Labyrinth Lord (LL) is a fantasy role-playing game written and edited by Daniel Proctor and published by Goblinoid Games. It emulates the rules and feel of Dungeons & Dragons (D&D) using the Open Game License (OGL) from Wizards of the Coast. LL is based on the 1981 D&D Basic Set edited by Tom Moldvay and its accompanying Expert Set by David "Zeb" Cook.

==Compatibility with classic Dungeons & Dragons==
Any adventure intended to be played with classic D&D can be run using LL with little or no adjustment. However, there are a few differences between the two games. It extends the rules so characters can advance to 20th level (the 1981 Expert set only included levels up to 14). In addition, the cleric class in LL can cast spells at first level, unlike in the 1981 rules.

==Distribution==
Goblinoid Games was the first retro-clone publisher to both make most content open under the OGL and create a free trademark license with few restrictions. The material contained in the LL rules is available to others with few restrictions, allowing fans and other publishers alike to create their own derivative material for use with the system.

==Reception==
Labyrinth Lord was a runner up in the Indie RPG Awards Best Free Game category in 2007, and it received an Honorable Mention in the Best Game category of the 2010 ENnies.

The Escapist recommended Labyrinth Lord in their 2009 Holiday Buyer's Guide. Comparing its tone to 4th Edition D&D's "zany, over-powered sensibility", they wrote, "Labyrinth Lord feels like a Vietnam War movie, where the dungeons are dark, wet, and terrifying, goblins murder all your friends with spiked-pit traps and crossbow bolts from the shadows, and you start to develop a thousand yard infravision stare from the spell shock."
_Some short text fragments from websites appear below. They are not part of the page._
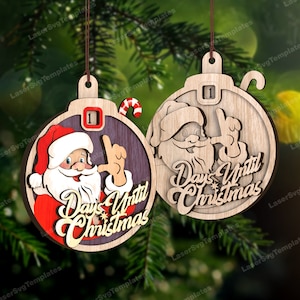 May include: Two wooden Christmas ornaments with Santa Claus and the text "Days Until Christmas". The ornaments are brown with a wood grain texture and have a red and white candy cane design. The ornaments are numbered "1" and are ready to be hung on a Christmas tree.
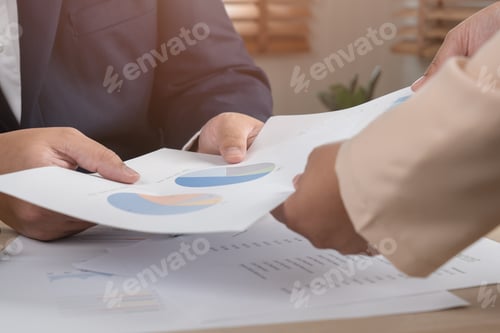 Preview: Business persons discuss on paper document chart and graph report teamwork and leadership concept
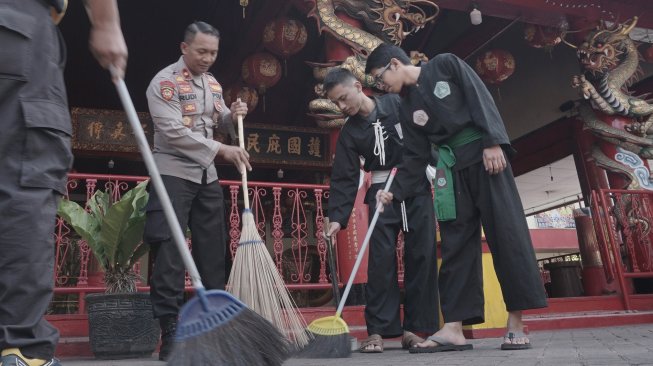 Kapolsek Tulungagung Kota Kompol Rudi Purwanto (kiri) bersama warga perguruan silat, membersihkan lantai halaman tempat ibadah (TITD) Tri Dharma di Klenteng Tjoe Tik Kiong di Tulungagung, Jawa Timur, Sabtu (16/11). [ANTARA FOTO/Destyan Sujarwoko]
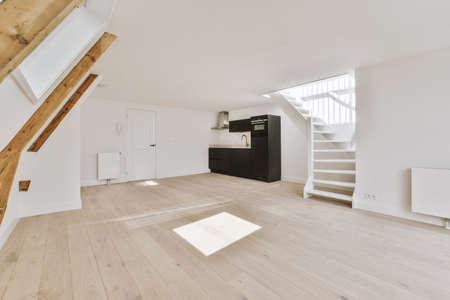 Interior of empty white kitchen with windows and wooden parquet floorの写真素材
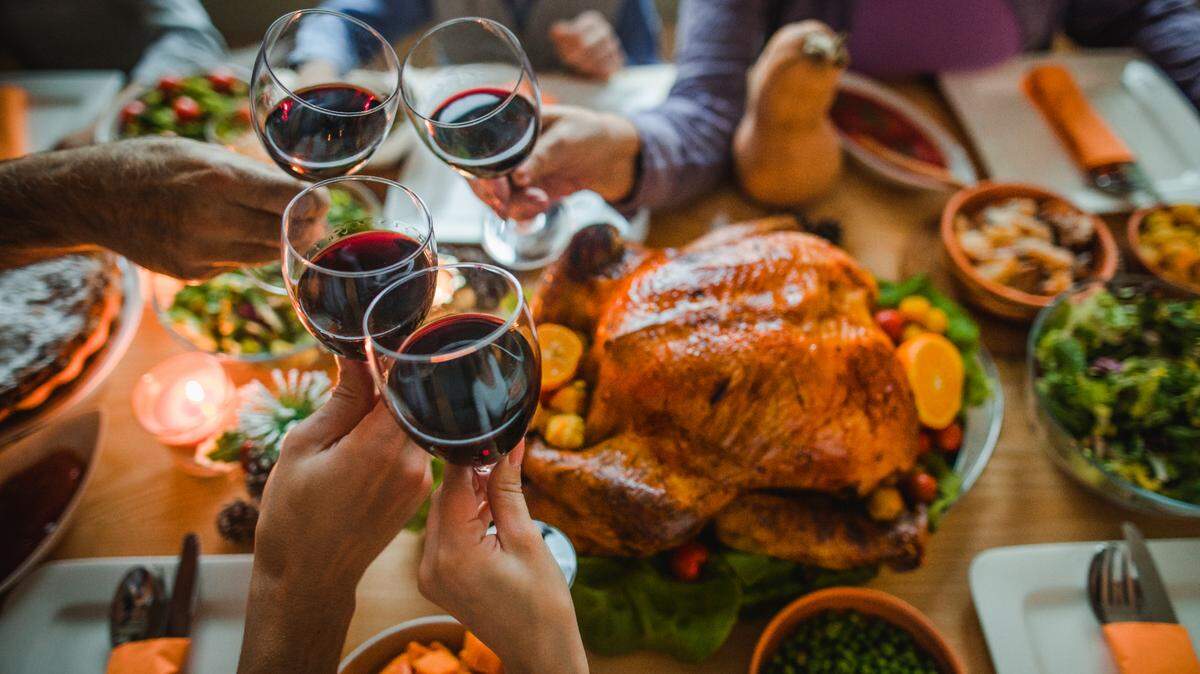 A family toasting with wine around a Thanksgiving dinner table.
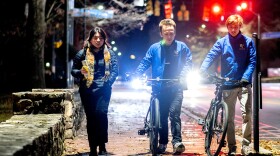 Sarah Peralta, seen walking back to her dorm with Nick Chappell (center) and Ian Bracken (right), said she feels comfortable using SafeWalk.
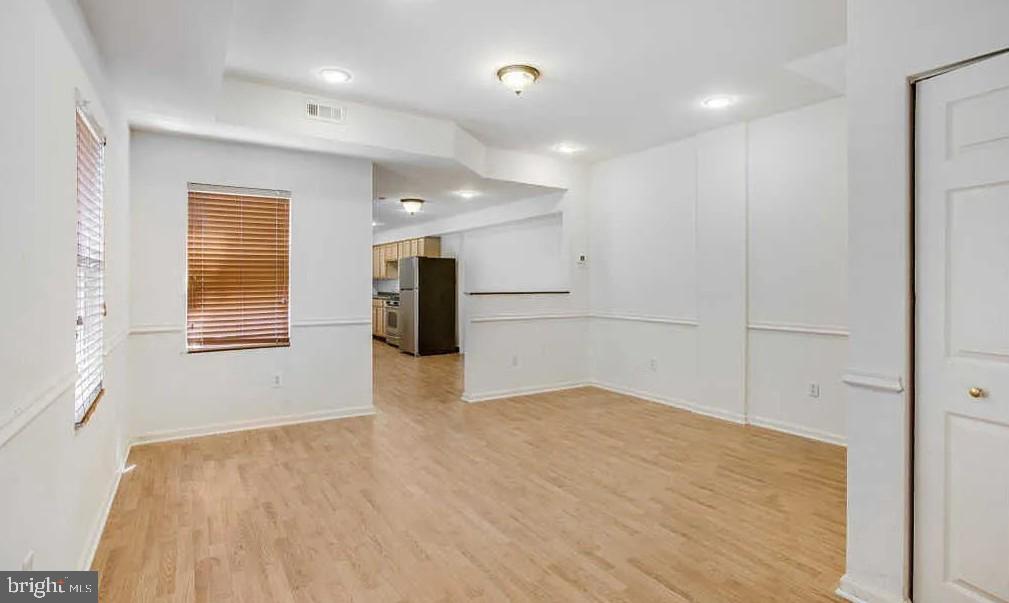 729 10th Street Northeast Washington, DC 20002 - Photo 3 of 15 a view of empty room with wooden floor and windows
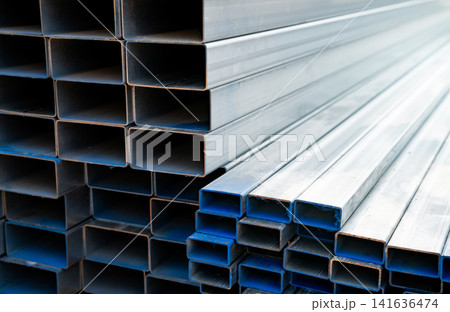 Industrial warehouse stock of rectangular metal pipes for building and construction supplies. Stack of steel pipes. Iron materials for construction and infrastructure projects. Steel tubing storage. Industrial warehouse stock of rectangular metal pipes for building and construction supplies. Stack of steel pipes. Iron materials for construction and infrastructure projects. Steel tubing storage. 141636474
Labyrinth Lord has been translated in German, with the subtitle Herr der Labyrinthe under the original English title. Bastian Ludwig made a positive review in Ringbote - das online Spielemagazin published by Pegasus Spiele, and also reviewed Labyrinth Lord material released in German, Die Larm-Chroniken (Moritz Mehlem, Mantikore-Verlag 2010). An Italian translation, subtitled Il Signore dei Labirinti has been published in 2009 under the Goblinoid Games logo.